*Directions*
From the records below, copy out each line that has the word "avec".

*Entries shown*
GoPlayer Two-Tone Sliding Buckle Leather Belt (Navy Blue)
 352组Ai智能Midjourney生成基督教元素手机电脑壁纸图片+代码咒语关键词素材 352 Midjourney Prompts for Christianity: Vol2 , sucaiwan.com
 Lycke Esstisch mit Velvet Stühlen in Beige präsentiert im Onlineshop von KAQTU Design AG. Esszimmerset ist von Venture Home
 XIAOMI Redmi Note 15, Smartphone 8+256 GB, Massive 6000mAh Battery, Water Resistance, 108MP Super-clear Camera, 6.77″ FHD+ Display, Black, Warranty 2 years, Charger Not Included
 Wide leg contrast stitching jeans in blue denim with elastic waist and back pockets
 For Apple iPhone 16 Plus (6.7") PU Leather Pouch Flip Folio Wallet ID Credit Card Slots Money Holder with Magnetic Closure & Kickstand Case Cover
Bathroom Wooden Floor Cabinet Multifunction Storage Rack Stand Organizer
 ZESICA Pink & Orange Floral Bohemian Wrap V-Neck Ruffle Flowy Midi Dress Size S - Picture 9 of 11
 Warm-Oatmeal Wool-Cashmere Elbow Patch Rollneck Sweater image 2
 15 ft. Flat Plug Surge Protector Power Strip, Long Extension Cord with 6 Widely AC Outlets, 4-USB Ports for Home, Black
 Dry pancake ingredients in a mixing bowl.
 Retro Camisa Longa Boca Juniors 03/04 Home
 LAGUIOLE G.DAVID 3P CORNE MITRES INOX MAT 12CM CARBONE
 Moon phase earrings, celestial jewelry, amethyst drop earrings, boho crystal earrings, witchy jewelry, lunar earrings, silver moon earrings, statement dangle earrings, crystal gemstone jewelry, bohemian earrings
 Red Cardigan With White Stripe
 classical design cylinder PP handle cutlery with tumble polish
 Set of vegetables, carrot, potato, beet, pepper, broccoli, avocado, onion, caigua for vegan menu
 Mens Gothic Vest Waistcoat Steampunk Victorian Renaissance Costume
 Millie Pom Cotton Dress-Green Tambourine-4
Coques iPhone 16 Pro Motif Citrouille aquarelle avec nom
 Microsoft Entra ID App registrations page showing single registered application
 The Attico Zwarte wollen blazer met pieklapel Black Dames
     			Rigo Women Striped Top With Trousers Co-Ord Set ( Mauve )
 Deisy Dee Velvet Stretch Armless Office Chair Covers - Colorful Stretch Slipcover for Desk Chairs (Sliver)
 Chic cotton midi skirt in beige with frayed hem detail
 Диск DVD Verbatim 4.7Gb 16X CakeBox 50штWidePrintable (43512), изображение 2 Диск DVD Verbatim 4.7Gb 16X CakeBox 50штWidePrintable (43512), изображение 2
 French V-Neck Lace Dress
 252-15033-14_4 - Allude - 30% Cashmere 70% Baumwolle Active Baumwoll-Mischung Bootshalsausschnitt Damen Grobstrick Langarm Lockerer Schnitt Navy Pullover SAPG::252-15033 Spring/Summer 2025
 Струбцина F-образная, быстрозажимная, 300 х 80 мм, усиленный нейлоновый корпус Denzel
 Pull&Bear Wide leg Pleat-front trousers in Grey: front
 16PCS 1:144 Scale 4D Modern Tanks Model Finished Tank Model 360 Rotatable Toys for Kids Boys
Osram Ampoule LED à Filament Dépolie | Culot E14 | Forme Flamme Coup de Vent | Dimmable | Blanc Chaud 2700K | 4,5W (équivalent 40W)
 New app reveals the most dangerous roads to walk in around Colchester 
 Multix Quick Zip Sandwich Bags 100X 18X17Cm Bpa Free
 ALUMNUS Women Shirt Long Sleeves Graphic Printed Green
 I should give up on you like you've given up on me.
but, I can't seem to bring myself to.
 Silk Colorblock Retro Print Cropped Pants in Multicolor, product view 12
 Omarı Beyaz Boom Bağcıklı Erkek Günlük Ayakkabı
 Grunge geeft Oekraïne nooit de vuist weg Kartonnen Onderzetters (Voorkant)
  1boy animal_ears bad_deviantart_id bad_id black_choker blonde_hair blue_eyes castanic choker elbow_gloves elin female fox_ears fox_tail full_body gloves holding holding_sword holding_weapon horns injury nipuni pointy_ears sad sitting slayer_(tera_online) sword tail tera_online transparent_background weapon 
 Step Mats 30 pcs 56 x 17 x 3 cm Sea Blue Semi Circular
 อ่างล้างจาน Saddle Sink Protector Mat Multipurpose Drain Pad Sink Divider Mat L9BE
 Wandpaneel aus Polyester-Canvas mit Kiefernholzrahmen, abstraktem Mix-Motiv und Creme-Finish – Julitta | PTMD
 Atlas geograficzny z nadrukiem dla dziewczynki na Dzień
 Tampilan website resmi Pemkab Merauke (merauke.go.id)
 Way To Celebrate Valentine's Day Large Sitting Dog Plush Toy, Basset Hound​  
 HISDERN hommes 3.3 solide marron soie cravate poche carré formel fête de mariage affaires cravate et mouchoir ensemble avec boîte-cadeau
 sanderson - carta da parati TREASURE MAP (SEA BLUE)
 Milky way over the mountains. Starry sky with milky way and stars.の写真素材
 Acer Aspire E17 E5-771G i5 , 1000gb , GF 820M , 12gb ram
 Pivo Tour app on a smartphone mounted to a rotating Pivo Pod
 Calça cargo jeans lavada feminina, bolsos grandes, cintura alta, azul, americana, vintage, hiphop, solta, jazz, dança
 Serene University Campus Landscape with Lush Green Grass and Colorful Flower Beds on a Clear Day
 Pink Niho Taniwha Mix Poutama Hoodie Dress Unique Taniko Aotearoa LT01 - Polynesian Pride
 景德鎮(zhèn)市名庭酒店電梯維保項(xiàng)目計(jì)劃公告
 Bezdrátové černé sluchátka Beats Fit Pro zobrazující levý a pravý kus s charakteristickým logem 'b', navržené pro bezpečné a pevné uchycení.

*Task response*
Coques iPhone 16 Pro Motif Citrouille aquarelle avec nom
 HISDERN hommes 3.3 solide marron soie cravate poche carré formel fête de mariage affaires cravate et mouchoir ensemble avec boîte-cadeau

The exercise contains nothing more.